Work required: Print the entries exactly; no image belongs in the copy.

Exercise materials:
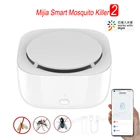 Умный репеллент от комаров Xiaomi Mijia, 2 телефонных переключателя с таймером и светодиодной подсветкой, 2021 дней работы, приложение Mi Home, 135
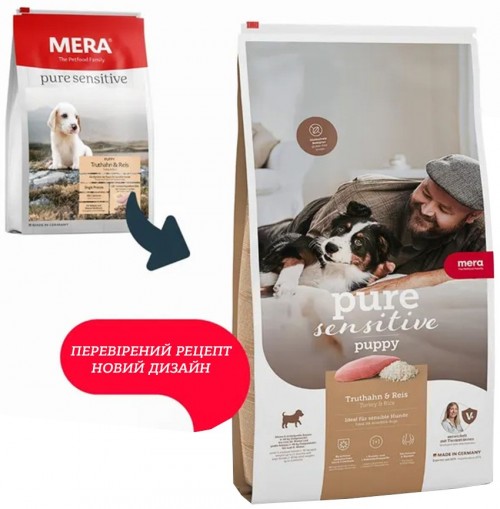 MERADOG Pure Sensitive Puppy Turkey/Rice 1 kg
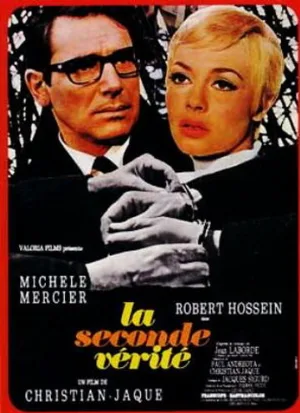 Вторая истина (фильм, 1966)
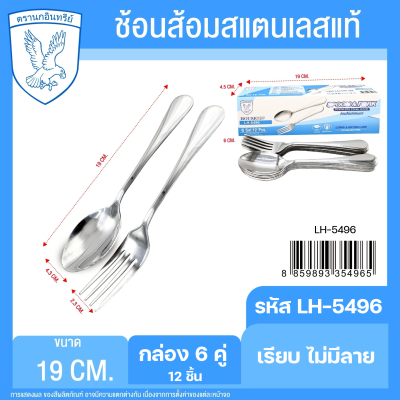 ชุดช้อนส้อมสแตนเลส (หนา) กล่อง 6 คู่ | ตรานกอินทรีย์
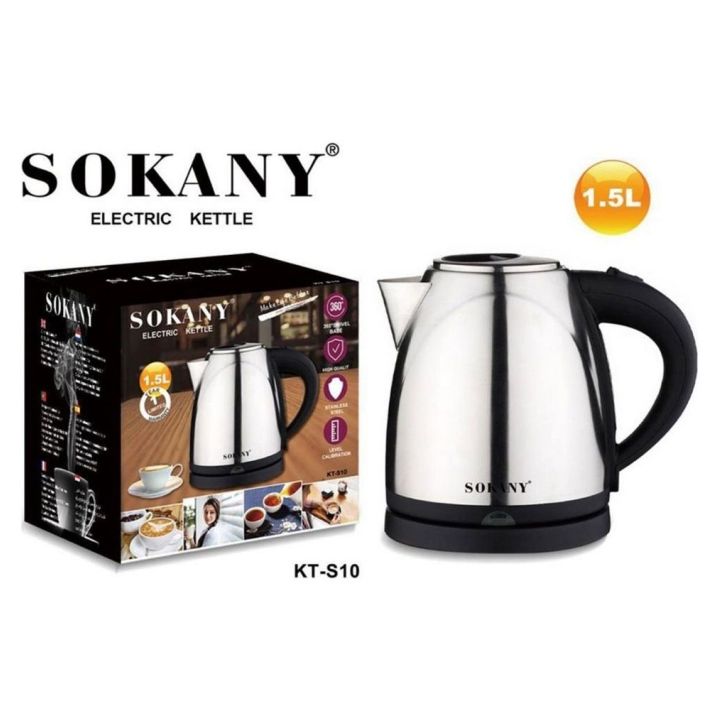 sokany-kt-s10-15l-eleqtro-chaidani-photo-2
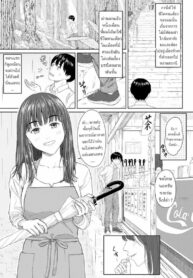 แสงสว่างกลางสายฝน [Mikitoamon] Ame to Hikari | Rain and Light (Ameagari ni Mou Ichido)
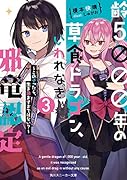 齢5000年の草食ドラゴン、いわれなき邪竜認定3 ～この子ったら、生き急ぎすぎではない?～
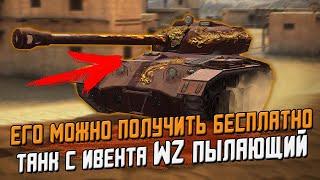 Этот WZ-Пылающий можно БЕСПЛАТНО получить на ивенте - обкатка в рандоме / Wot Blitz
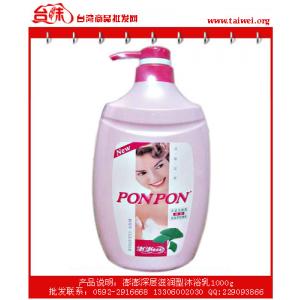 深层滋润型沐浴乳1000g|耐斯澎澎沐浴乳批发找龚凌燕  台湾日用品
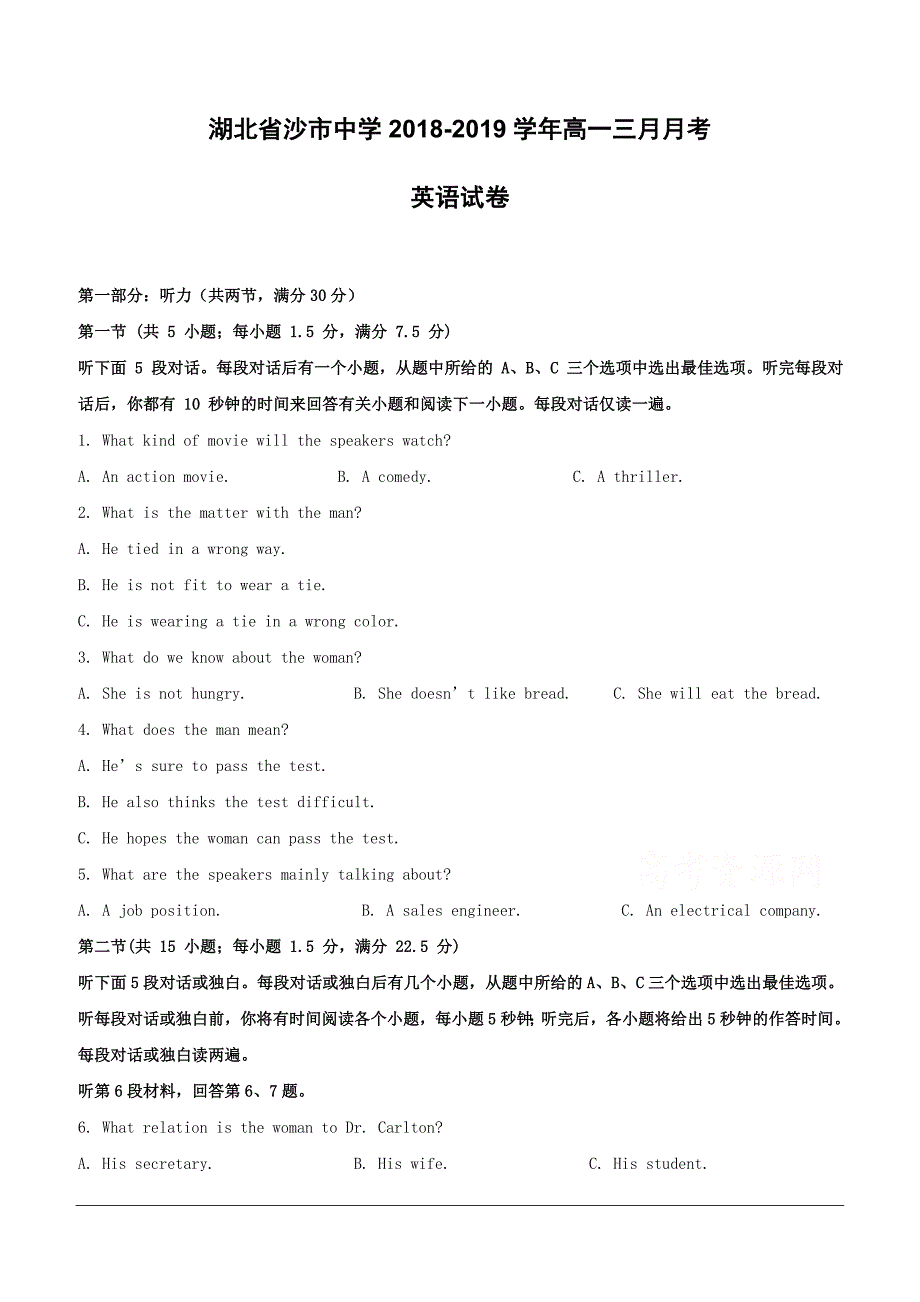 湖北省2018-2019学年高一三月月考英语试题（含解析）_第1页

Reply:
 Умный репеллент от комаров Xiaomi Mijia, 2 телефонных переключателя с таймером и светодиодной подсветкой, 2021 дней работы, приложение Mi Home, 135
 MERADOG Pure Sensitive Puppy Turkey/Rice 1 kg
 Вторая истина (фильм, 1966)
 ชุดช้อนส้อมสแตนเลส (หนา) กล่อง 6 คู่ | ตรานกอินทรีย์
 sokany-kt-s10-15l-eleqtro-chaidani-photo-2
 แสงสว่างกลางสายฝน [Mikitoamon] Ame to Hikari | Rain and Light (Ameagari ni Mou Ichido)
 齢5000年の草食ドラゴン、いわれなき邪竜認定3 ～この子ったら、生き急ぎすぎではない?～
 Этот WZ-Пылающий можно БЕСПЛАТНО получить на ивенте - обкатка в рандоме / Wot Blitz
 深层滋润型沐浴乳1000g|耐斯澎澎沐浴乳批发找龚凌燕  台湾日用品
 湖北省2018-2019学年高一三月月考英语试题（含解析）_第1页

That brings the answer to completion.